Effects of electromyostimulation on muscle and bone in men with acute traumatic spinal cord injury: A randomized clinical trial.

OBJECTIVE: To study the effect of 14 weeks of electromyostimulation (EMS) training (47 minutes/day, 5 days/week) on both muscle and bone loss prevention in persons with recent, complete spinal cord injury (SCI). DESIGN: Prospective, experimental, controlled, single-blind randomized trial with external blind evaluation by third parties. METHODS: Eight men with recent SCI (8 weeks from injury; ASIA Impairment Scale (AIS) "A") were randomized into the intervention or the control groups.
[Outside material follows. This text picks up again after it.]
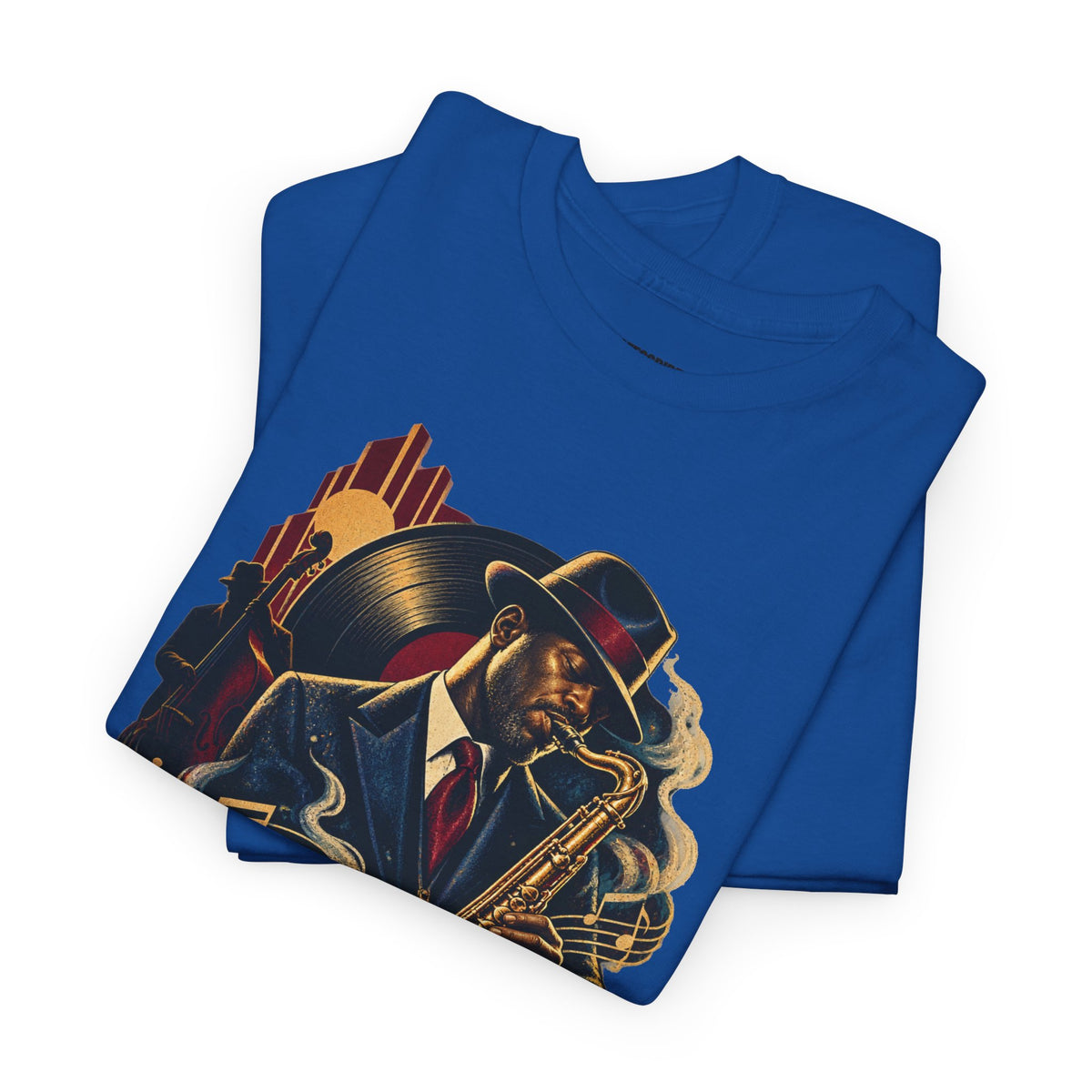 Saxophone Jazz Musician T-Shirt — Vintage Sax Player Tee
Cross-sectional area of the quadriceps femoris (QF) muscle was quantified using magnetic resonance imaging. Bone mineral density changes were assessed with a dual-energy X-ray absorptiometry. Several bone biomarkers (i.e. total testosterone, cortisol, growth hormone, insulin-growth factor I, osteocalcin, serum type I collagen C-telopeptide), lipid, and lipoprotein profiles were quantified. A standard oral glucose tolerance test was performed before and after the 14-week training. All analyses were conducted at the beginning and after the intervention. RESULTS: The intervention group showed a significant increase in QF muscle size when compared with the control group. Bone losses were similar in both groups. Basal levels of bone biomarkers did not change over time. Changes in lipid and lipoprotein were similar in both groups. Glucose and insulin peaks moved forward after the training in the intervention group. CONCLUSIONS: This study indicates that skeletal muscle of patients with complete SCI retains the ability to grow in response to a longitudinal EMS training, while bone does not respond to similar external stimulus. Increases in muscle mass might have induced improvements in whole body insulin-induced glucose uptake.
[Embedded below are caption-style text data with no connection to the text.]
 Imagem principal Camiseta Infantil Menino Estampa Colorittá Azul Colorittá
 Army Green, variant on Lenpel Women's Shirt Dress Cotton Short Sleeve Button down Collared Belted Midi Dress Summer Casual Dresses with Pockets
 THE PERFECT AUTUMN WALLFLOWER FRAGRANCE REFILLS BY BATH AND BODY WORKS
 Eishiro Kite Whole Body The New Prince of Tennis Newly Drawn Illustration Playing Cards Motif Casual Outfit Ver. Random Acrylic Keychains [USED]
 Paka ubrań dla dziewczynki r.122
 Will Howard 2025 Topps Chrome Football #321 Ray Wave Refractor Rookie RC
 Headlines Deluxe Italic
Time-course response in serum markers of bone turnover to a single-bout of electrical stimulation in patients with recent spinal cord injury.
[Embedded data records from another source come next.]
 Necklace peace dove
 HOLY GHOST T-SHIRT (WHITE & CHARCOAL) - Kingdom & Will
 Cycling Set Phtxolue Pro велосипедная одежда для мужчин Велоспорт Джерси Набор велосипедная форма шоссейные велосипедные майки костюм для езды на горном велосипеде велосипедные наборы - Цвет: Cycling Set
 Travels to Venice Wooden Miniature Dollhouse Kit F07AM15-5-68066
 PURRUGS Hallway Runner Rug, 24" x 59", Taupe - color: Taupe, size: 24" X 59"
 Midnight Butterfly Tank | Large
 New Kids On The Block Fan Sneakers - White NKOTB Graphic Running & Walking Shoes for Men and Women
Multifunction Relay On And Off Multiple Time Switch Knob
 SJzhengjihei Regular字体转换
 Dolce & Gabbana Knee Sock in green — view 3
The objective of the present repeat-measures study was to determine whether plasma serum levels of testosterone, cortisol, osteocalcin or type I collagen C-telopeptide (CT) are acutely affected following an electro-myostimulation (EMS) bout, and their relation to bone mineral density and muscle mass. Ten men with recent (8 weeks) thoracic spinal cord injury (SCI) (ASIA A) and 10 age-matched able-bodied (AB) men performed one EMS bout on the quadriceps femoris muscle. Blood samples were drawn at basal condition, immediately after EMS, and 15 min, 30 min, 24 h and 48 h post-EMS. Muscle cross-sectional area was measured by magnetic resonance imaging. Bone mineral density (BMD) was determined by dual-energy X-ray absorptiometry. In the SCI group, a significant decrease in testosterone, cortisol and CT together with a significant increase in testosterone/cortisol ratio and osteocalcin/CT ratio was observed after EMS. For the AB subjects, only testosterone and CT decreased significantly following EMS. Muscle size was only related to testosterone/cortisol ratio in the SCI sample (R = 0.659, p < 0.05), whereas BMD did not show any relation to any biomarker. Acute EMS in recent spinal cord injured men seems to induce positive effects on bone turnover biomarkers, and anabolic and catabolic hormones.